Factor graphs decompose joint distributions into factors (functions over subsets of variables), creating a bipartite graph with variable and factor nodes. This representation unifies Bayesian networks and Markov random fields and makes inference algorithms like sum-product and max-product rules more explicit and modular.
From your study of probabilistic graphical models and Bayesian networks, you know that a joint probability distribution over many variables can be factored into smaller, more manageable pieces. A Bayesian network expresses this factorization through conditional probability tables attached to a directed acyclic graph, while a Markov random field uses potential functions on an undirected graph. A factor graph is a more explicit representation that makes the factorization structure itself the primary object.

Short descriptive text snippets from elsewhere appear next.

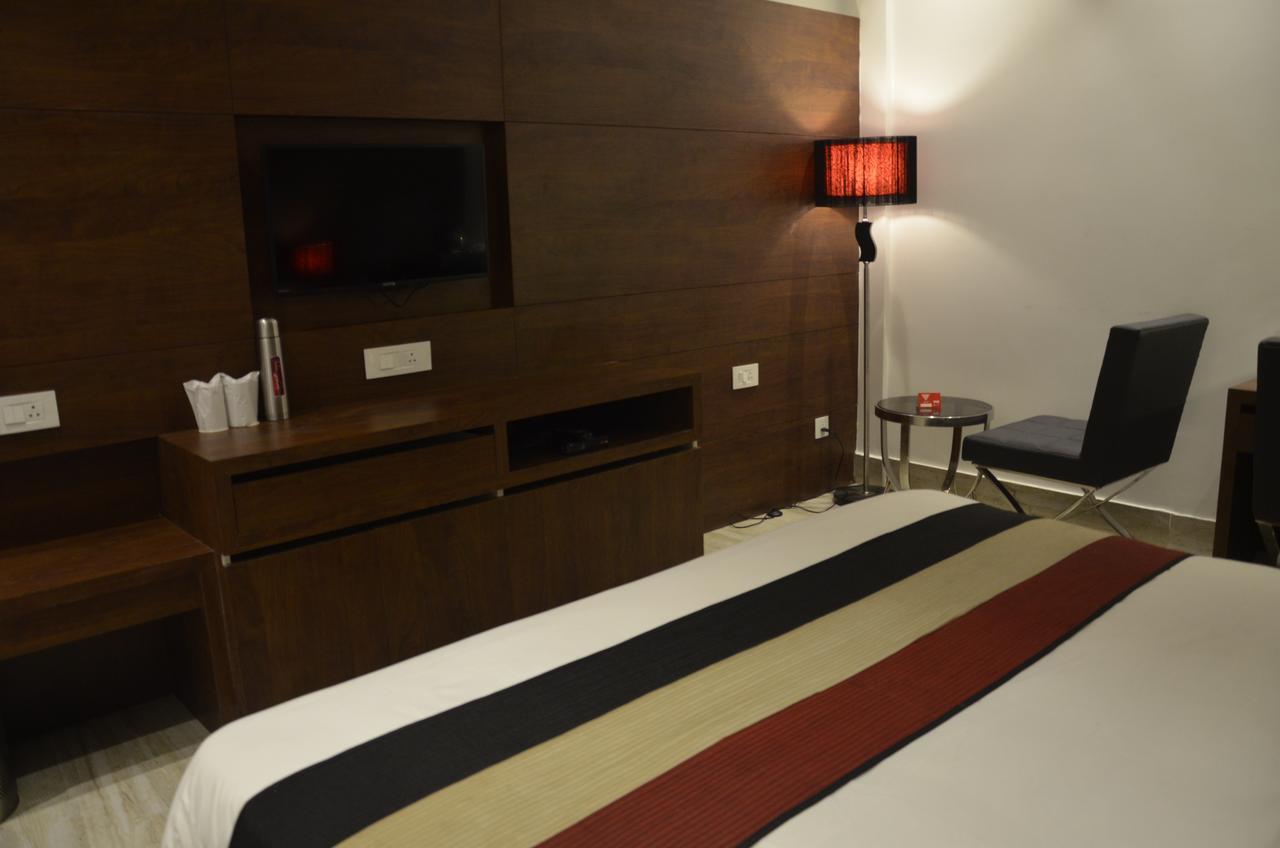 Oyo 1358 Hotel Crossroad Lucknow Luaran gambar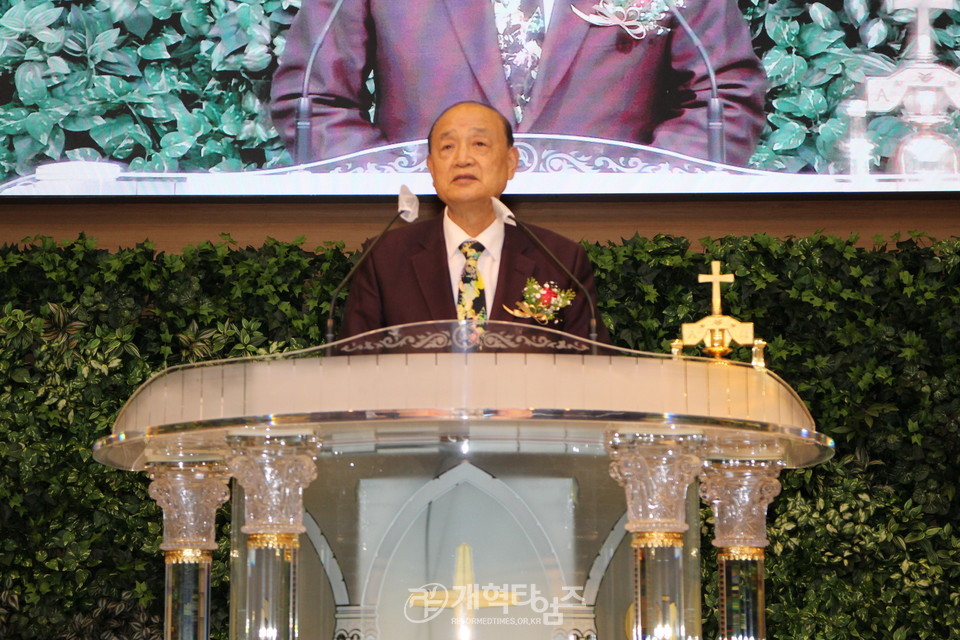 서남련, ‘태국 남부 송클라도 핫야이시 탄프라펀 교회 건축을 위한 선교 대회’, 증경회장 하태초 장로 격려사 모습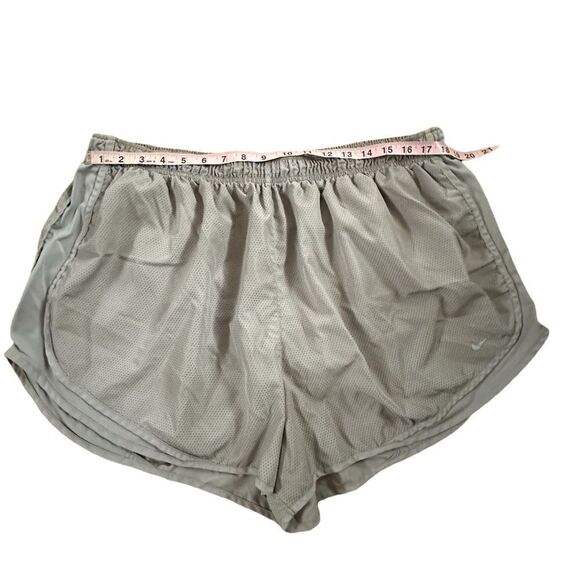 Nike ~ Grey running shorts ~ lined ~ size 3X - Picture 6 of 9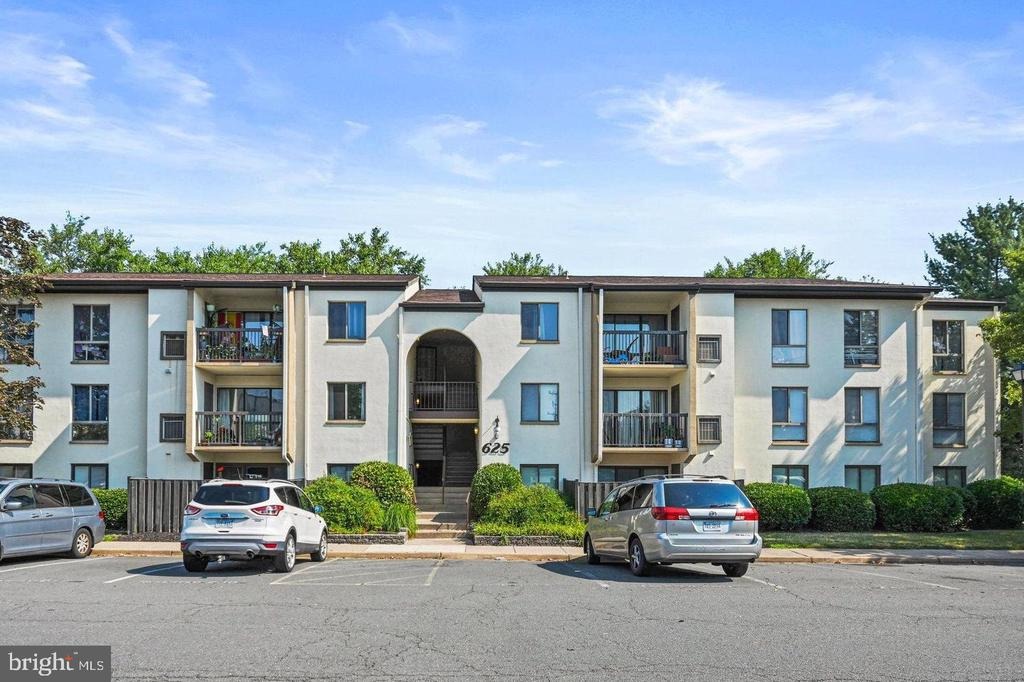 Center St, Herndon, VA 20170 #1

It is a bipartite graph with two types of nodes: variable nodes (circles, representing random variables) and factor nodes (squares, representing functions over subsets of variables). An edge connects a variable node to a factor node if and only if that variable appears in that factor's function.
The advantage of factor graphs over Bayesian networks or Markov random fields is that they make the factorization completely unambiguous. In an undirected graphical model, a clique in the graph might correspond to one factor or to a product of several factors — the graph alone doesn't tell you. A factor graph resolves this ambiguity by giving each factor its own explicit node. For example, if P(a, b, c) = f₁(a, b) × f₂(b, c) × f₃(a, c), the factor graph has three variable nodes (a, b, c) and three factor nodes (f₁, f₂, f₃), with edges showing exactly which variables each factor depends on. Both Bayesian networks and Markov random fields can be converted into factor graphs, making factor graphs a universal representation for graphical models.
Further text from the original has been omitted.